Expertise
- Film and Media
- Human-Animal Studies
- Film Festival Studies
About
Dr. Pete Porter is a Professor of Film in the Department of Fine and Performing Arts. He specializes in nonhuman animal representation in film and media, cognitive-analytical film theory, Menippean satire in film, film festival studies, and animation studies. His dissertation From Menippus to the Movies (2003) was one of the first scholarly works to take The Big Lebowski (1998) seriously. He currently serves as Film Review Editor for Society & Animals, an international journal of Human-Animal Studies and he also does applied research as President of the Contemporary Arts Alliance, which oversees the Spokane International Film Festival. From 2022 to 2023, Porter was a Visiting Research Fellow at the University of Groningen. In 2021, Porter became the inaugural Chair of Fine and Performing Arts, a new department combining programs in Art, Film, Music, and Theatre. From 2018-2021, Porter served as Interim Dean and co-Dean of the College of Arts, Letters, and Education.
Dr Porter is finishing the book From Marching Penguins to Octopus Teachers, which describes how films express animal interests and perspectives, from a cognitive-affective approach. The book shows how recent films invented strategies for representing ethical and aesthetic matters of concern for both humans and nonhumans. As we ponder how to achieve sustainability, we must move beyond instrumentalist and anthropocentric conceptions of others, both human and nonhuman, in order to achieve a more just, equitable, and biodiverse world. His upcoming work is about Animals, satire, and the movies.
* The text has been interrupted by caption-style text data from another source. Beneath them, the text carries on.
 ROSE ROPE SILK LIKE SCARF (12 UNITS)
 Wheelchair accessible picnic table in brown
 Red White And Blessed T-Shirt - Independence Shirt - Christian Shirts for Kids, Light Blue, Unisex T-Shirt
His publications include articles and film reviews in Society and Animals, The Journal of Moving Image Studies, and The Michigan Academician, as well as invited chapters in Lebowski 101 and Teaching the Animal: Human-Animal Studies across the Disciplines. His presentation “Against Anthropocentrism: The Menippean Animal” was awarded Best Presentation at Minding Animals 4, an international conference in Animal Studies, and merged his two central research areas of animals in media and Menippean satire.